Leaving the pictures aside, transcribe only and exactly the lines from the one with "Blukids Vestito in" through the end of the entries, both included.

Record excerpts ▸
+---+

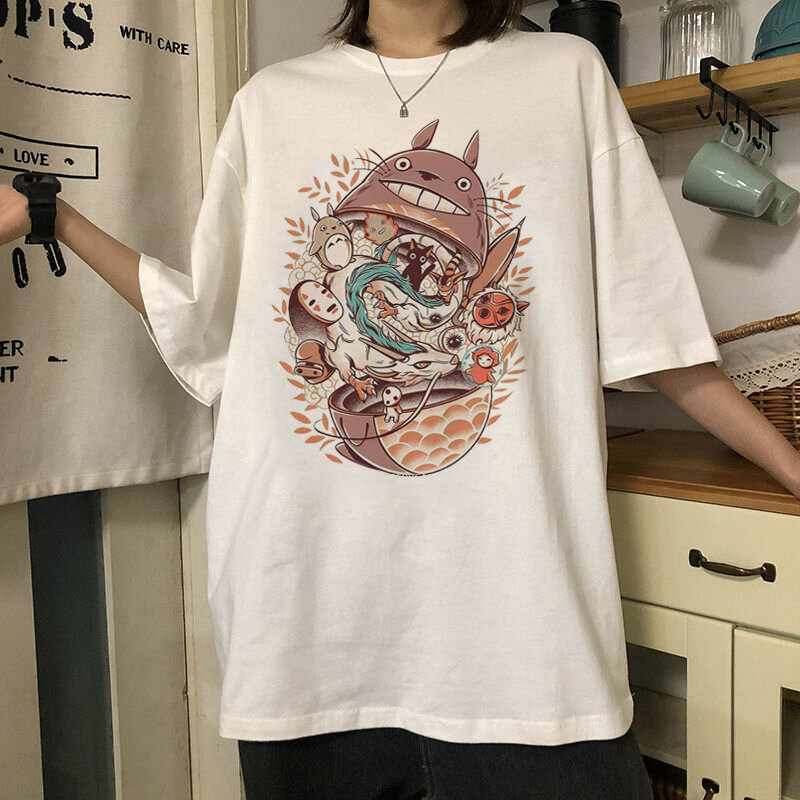 Totoro Harajuku Gothic Summer Anime Print T Shirt Women Cartoon Tops Woman Tshirts Female Casual Oversized T Shirt Women Clothes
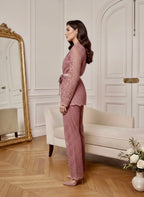 Satin-Tie Lace Tailored Jacket -La Dusty Rose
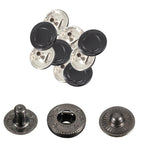 15mm S Spring Press Studs with Colour Caps and Gunmetal Components - (10 Sets)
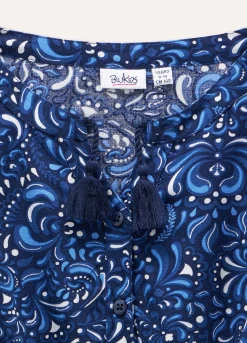 Blukids Vestito in pura viscosa con stampa ragazza- Vestiti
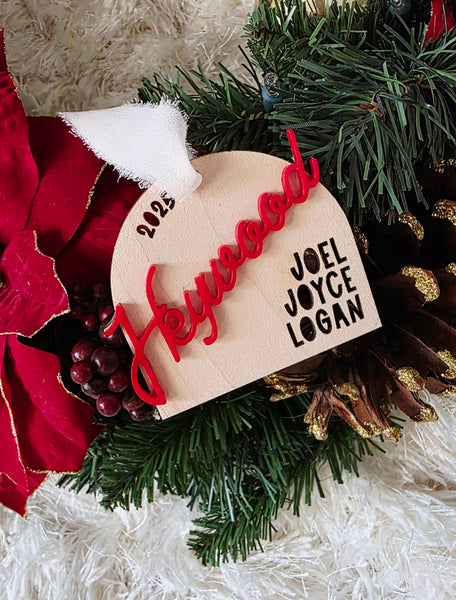 Arch Family Name Ornament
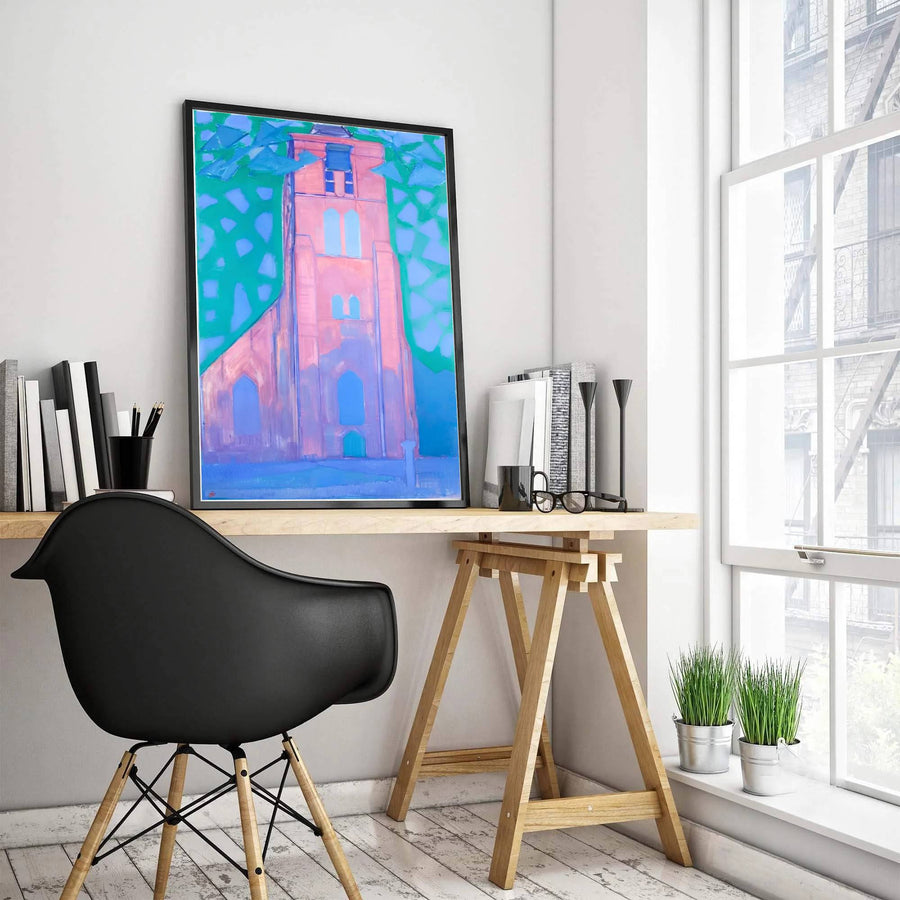 Celebrated for its bold color palette and innovative handling of sacred architecture, this Piet Mondrian Church Tower At Domburg poster showcases timeless modernist elegance that enhances contemporary living environments. MapYourDreams provides this fine art print in a variety of presentation styles, allowing buyers to choose between minimalist unframed posters, elegant wood frames, and textured canvas wall art that elevate any room.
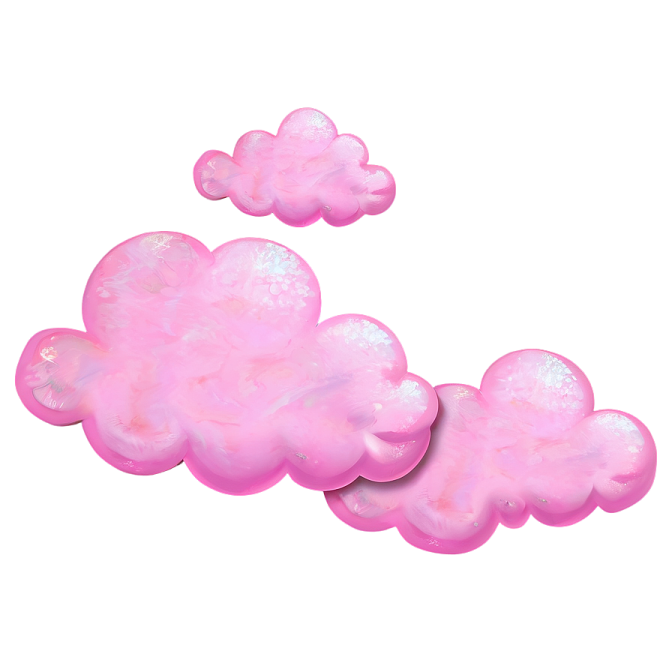 three pink clouds on a white background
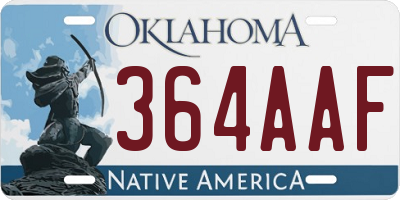 OK license plate 364AAF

+---+

Task output ▸
 Blukids Vestito in pura viscosa con stampa ragazza- Vestiti
 Arch Family Name Ornament
 Celebrated for its bold color palette and innovative handling of sacred architecture, this Piet Mondrian Church Tower At Domburg poster showcases timeless modernist elegance that enhances contemporary living environments. MapYourDreams provides this fine art print in a variety of presentation styles, allowing buyers to choose between minimalist unframed posters, elegant wood frames, and textured canvas wall art that elevate any room.
 three pink clouds on a white background
 OK license plate 364AAF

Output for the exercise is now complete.